Il secolo dei Lumière, dunque. L’altro. Quello di Louis, di Auguste e di Antoine, il padre. Un’opera che gioiosamente anticipa il cinema che verrà e che conserva oggi, all’epoca della rivoluzione permanente delle immagini, tutta la sua forza, fedele alle parole di Jean Renoir: “In Lumière a essere mostrata non è la Storia, ma la vita. E la vita è qualcosa di più profondo. È per questo che questi film sono così importanti: aprono la porta alla nostra immaginazione. È esattamente quello che oggi ci piace chiamare opera d’arte”.
Thierry Frémaux e Bertrand Tavernier
(Cineteca di Bologna)

Critica (3):Non è un caso se, agli occhi dei contemporanei, il cinema è nato in Francia con Louis Lumière. La storia dell’arte cinematografica si apre nel 1895, e non nel 1894. Tutto ciò che intendiamo oggi come cinema – le opere, il pubblico, l’industria, la produzione, la creazione e la distribuzione –, tutto comincia con Louis Lumière.

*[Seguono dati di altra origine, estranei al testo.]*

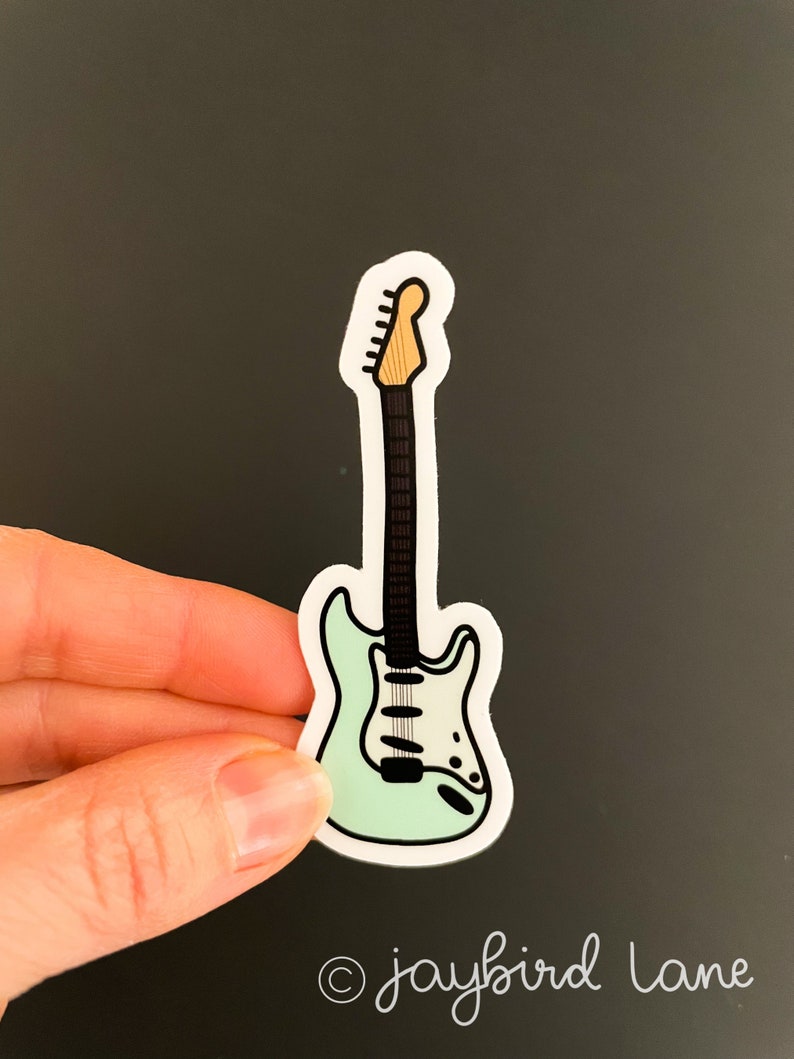 May include: A sticker of a light blue electric guitar with a white pickguard and a brown neck. The sticker is on a dark gray background.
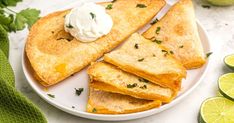 quesadillas on a plate with sour cream and limes next to them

La scoperta del cinema si colloca esattamente il giorno in cui Louis Lumière piazza la sua macchina da presa davanti alla fabbrica del padre, inventa e mette in quadro la sua immagine, aggiunge qualche ‘condimento’ al gruppo di operai che stanno finendo di lavorare, per renderla più vivace
senza alterarne la naturalezza, e filma l’uscita dalle officine Lumière. La macchina da presa non poteva che nascere da un demiurgo capace di essere nello stesso tempo un inventore e un creatore, uno scienziato e un artista, un industriale e un regista, un operatore e un fabbricante, un bricoleur
e un analfabeta. In questo senso Louis Lumière supera Chaplin: nella misura in cui Chaplin utilizza uno strumento che non è stato lui a concepire. È nella misura in cui Louis Lumière è al contempo Mozart, Paganini e Stradivari, che egli è il padre del cinema. Ed è quello che avevano sentito tutti i contemporanei, pur non essendone coscienti, che gli hanno attribuito la scoperta del cinema. Tutti quelli che, a partire dal 1895, avevano fatto del cinema la loro vita e che si ritrovarono riuniti, venuti da ogni parte del mondo, nel 1935, alla Sorbonne per ‘consacrare’ Louis Lumière come il padre del cinema. È per la stessa ragione, senza dubbio, che l’invenzione dei fratelli Lumière
divenne su loro iniziativa quella di Louis Lumière, e per volontà dello stesso Auguste che, a prescindere dal ruolo che ebbe nella scoperta del meccanismo della macchina da presa Lumière, non poteva ignorare che l’apparizione, nel 1895, di ciò che noi chiamiamo cinema (e che nel
1894, nonostante Dixon e Demenÿ, era la cronofotografia, e che ancora nel 1896 veniva chiamato ‘fotografia animata’) si collocava al di là di questo meccanismo.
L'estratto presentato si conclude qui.